Nous pouvons imager ce type de phénomène à partir d’un nuage de points oblong dont on extrait une droite et ce même nuage de points scindé en deux laissant apparaître deux droites dont les pentes sont en désaccord avec la première.

Le paradoxe de Simpson nous enseigne que piocher mécaniquement des données dans un réservoir ne suffit pas, il faut en outre qu’un expert explicite l’usage qu’on en fait et la manière de scinder les données.

Corrélations fallacieuses

Place au sourire pour les corrélations fallacieuses, notre troisième point. Une promenade au gré de votre butineur préféré à partir des mots clés « corrélation fallacieuse » vous apprendra que le nombre de décès suite à une chute dans un escalier et la vente d’iPhone suivent des courbes similaires et que le lien entre ventes de margarine et taux de divorce dans le Maine ont un impressionnant coefficient de corrélation de 0,992558 !
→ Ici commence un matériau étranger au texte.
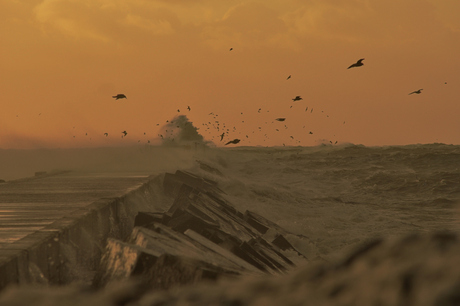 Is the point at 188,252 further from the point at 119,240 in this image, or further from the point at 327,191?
the point at 327,191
Le problème est que toutes les corrélations ne sont pas aussi caricaturales et qu’il est très facile de se faire piéger. Circonstance aggravante : plus le Big Data sera « Big », plus la probabilité de trouver des corrélations sera élevée. Et si beaucoup de corrélations peuvent être intéressantes, comment les repérer parmi toutes celles qui seraient fallacieuses ?

Alors, corrélation ou causalité ?

Le Big Data est-il une boîte noire pleine de données nous sortant des réponses à des questions que l’on ne s’était pas forcément posées ?

Le modèle Big Data voudrait que l’on prenne ces (ses) conclusions comme argent comptant. La recherche de causalité n’aurait plus lieu d’être.

Je pencherais plutôt pour un Big Data qui proposerait des axes de recherches à partir desquels l’homme effectuerait des recherches de causalité.

Un Big Data qui n’apporte pas des réponses mais des questions.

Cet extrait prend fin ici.